Directions — Restate word for word the entries below, starting with the line with "دریل پیچگوشتی شارژی" and continuing through the line with "OPEL VIVARO 1.9dci (náhradní díly) - 4". Include both of those lines and no others.

Records supplied —
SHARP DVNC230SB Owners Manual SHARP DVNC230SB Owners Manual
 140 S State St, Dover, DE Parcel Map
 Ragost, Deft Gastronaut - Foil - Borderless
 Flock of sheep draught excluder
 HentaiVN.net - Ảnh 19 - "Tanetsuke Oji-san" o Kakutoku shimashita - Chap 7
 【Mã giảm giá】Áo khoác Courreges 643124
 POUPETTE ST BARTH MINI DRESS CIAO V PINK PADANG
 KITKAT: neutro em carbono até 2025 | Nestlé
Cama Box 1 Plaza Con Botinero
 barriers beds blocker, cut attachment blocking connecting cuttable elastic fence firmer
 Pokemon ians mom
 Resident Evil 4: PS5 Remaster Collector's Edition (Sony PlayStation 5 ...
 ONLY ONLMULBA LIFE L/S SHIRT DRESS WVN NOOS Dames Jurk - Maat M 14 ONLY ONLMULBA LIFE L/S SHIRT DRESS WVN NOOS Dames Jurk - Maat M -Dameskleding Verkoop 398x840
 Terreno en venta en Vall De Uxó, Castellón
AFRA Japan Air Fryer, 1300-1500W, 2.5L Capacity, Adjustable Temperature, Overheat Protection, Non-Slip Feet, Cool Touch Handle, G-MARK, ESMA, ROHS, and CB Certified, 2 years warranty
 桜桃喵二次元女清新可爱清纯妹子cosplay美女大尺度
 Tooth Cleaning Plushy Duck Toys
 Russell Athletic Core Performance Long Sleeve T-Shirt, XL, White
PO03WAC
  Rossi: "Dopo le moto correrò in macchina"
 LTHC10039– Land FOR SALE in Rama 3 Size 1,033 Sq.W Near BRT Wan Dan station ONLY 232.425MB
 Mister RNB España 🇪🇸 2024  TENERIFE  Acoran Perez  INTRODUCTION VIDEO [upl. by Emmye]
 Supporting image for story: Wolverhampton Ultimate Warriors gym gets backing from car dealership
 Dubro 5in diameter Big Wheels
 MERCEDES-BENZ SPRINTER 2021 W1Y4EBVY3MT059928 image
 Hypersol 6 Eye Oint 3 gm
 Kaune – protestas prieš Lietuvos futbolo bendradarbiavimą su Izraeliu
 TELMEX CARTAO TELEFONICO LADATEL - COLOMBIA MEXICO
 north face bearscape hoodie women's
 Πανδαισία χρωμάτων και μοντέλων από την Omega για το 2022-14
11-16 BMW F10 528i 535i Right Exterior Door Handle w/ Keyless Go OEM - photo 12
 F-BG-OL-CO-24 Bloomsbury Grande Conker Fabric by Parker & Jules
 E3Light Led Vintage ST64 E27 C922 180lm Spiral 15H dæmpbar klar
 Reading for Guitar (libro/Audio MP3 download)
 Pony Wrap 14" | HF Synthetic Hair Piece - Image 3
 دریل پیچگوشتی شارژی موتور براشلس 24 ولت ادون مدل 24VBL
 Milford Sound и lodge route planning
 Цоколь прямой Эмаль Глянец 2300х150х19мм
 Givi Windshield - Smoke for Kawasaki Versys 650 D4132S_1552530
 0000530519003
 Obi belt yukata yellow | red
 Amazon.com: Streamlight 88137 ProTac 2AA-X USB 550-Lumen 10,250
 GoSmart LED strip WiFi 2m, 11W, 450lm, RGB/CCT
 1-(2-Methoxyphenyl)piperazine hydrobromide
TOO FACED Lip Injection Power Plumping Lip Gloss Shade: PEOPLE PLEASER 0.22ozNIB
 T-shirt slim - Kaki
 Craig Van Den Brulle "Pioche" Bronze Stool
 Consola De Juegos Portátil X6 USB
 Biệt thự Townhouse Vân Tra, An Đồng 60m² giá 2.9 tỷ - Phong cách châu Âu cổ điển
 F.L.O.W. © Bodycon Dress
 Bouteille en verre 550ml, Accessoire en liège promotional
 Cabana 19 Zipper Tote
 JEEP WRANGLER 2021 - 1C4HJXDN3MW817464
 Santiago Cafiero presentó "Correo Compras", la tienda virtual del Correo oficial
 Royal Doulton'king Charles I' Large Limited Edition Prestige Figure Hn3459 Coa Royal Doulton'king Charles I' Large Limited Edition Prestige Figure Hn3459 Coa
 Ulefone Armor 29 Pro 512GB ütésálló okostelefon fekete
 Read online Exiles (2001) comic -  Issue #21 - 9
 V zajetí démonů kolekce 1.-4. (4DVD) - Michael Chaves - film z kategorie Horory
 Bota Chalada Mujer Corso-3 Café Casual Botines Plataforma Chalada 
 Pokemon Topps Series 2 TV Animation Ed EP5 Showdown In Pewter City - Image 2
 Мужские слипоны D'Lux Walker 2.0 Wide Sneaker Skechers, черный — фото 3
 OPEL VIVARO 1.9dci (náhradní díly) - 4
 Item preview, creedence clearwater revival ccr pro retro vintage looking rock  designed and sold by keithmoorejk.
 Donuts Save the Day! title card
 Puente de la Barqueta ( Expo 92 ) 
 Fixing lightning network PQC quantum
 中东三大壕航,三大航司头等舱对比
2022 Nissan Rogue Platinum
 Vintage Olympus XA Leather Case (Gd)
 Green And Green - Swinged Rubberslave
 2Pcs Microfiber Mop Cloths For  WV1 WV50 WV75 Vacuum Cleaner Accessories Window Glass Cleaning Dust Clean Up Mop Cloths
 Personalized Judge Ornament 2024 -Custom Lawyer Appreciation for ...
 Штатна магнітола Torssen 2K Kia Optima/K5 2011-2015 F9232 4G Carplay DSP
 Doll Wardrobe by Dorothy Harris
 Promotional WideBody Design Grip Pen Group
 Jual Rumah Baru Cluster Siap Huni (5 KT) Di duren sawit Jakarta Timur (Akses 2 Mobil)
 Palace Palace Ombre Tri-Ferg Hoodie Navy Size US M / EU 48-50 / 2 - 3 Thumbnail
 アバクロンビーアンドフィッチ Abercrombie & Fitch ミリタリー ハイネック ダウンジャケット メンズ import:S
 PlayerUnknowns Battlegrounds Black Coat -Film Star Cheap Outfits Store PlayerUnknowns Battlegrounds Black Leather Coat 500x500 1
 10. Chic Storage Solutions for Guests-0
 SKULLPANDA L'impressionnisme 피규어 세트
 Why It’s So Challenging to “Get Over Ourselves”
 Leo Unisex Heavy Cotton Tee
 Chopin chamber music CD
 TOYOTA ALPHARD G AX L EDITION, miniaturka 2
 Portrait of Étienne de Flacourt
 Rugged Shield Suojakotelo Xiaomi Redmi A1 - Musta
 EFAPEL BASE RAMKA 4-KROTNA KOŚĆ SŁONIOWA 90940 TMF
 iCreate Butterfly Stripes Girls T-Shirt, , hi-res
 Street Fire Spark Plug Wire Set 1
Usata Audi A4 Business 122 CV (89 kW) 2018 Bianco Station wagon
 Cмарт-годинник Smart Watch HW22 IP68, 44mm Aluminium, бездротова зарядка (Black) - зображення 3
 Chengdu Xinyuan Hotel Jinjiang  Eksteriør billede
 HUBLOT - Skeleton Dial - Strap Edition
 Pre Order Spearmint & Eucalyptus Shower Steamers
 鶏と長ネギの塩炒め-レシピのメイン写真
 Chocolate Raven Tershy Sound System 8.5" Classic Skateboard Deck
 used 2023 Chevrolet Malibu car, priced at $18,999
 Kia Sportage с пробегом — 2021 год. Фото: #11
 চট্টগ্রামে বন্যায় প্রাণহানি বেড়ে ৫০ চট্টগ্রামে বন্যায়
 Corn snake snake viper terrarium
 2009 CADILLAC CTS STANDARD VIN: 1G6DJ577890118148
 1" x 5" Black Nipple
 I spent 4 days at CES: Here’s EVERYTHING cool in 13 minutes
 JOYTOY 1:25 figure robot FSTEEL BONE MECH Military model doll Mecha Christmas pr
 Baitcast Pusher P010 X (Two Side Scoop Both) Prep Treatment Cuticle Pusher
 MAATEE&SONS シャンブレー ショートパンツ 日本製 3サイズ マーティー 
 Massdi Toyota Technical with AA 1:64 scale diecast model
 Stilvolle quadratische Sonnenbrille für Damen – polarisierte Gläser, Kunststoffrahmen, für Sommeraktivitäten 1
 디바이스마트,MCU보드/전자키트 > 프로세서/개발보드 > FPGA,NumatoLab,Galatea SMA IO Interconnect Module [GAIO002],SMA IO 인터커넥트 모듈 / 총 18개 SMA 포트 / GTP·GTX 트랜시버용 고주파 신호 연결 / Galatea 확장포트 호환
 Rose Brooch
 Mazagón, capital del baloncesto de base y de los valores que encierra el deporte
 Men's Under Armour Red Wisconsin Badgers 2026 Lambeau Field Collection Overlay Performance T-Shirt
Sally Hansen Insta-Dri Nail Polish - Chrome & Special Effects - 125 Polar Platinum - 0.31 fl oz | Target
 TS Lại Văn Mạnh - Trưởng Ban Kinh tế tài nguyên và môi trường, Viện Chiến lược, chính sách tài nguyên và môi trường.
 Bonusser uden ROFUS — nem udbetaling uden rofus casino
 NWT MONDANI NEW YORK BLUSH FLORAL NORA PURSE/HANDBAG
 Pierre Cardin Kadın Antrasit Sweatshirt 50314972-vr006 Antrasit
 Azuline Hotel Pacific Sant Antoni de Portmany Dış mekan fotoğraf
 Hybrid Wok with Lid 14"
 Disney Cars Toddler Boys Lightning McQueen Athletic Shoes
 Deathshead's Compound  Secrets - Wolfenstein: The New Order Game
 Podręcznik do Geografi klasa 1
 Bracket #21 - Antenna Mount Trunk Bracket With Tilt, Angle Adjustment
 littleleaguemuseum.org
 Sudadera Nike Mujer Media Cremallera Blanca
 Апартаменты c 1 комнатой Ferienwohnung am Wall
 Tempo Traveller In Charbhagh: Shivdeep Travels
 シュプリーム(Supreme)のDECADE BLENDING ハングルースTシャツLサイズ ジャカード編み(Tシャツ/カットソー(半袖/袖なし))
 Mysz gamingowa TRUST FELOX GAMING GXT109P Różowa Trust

Written response —
 دریل پیچگوشتی شارژی موتور براشلس 24 ولت ادون مدل 24VBL
 Milford Sound и lodge route planning
 Цоколь прямой Эмаль Глянец 2300х150х19мм
 Givi Windshield - Smoke for Kawasaki Versys 650 D4132S_1552530
 0000530519003
 Obi belt yukata yellow | red
 Amazon.com: Streamlight 88137 ProTac 2AA-X USB 550-Lumen 10,250
 GoSmart LED strip WiFi 2m, 11W, 450lm, RGB/CCT
 1-(2-Methoxyphenyl)piperazine hydrobromide
TOO FACED Lip Injection Power Plumping Lip Gloss Shade: PEOPLE PLEASER 0.22ozNIB
 T-shirt slim - Kaki
 Craig Van Den Brulle "Pioche" Bronze Stool
 Consola De Juegos Portátil X6 USB
 Biệt thự Townhouse Vân Tra, An Đồng 60m² giá 2.9 tỷ - Phong cách châu Âu cổ điển
 F.L.O.W. © Bodycon Dress
 Bouteille en verre 550ml, Accessoire en liège promotional
 Cabana 19 Zipper Tote
 JEEP WRANGLER 2021 - 1C4HJXDN3MW817464
 Santiago Cafiero presentó "Correo Compras", la tienda virtual del Correo oficial
 Royal Doulton'king Charles I' Large Limited Edition Prestige Figure Hn3459 Coa Royal Doulton'king Charles I' Large Limited Edition Prestige Figure Hn3459 Coa
 Ulefone Armor 29 Pro 512GB ütésálló okostelefon fekete
 Read online Exiles (2001) comic -  Issue #21 - 9
 V zajetí démonů kolekce 1.-4. (4DVD) - Michael Chaves - film z kategorie Horory
 Bota Chalada Mujer Corso-3 Café Casual Botines Plataforma Chalada 
 Pokemon Topps Series 2 TV Animation Ed EP5 Showdown In Pewter City - Image 2
 Мужские слипоны D'Lux Walker 2.0 Wide Sneaker Skechers, черный — фото 3
 OPEL VIVARO 1.9dci (náhradní díly) - 4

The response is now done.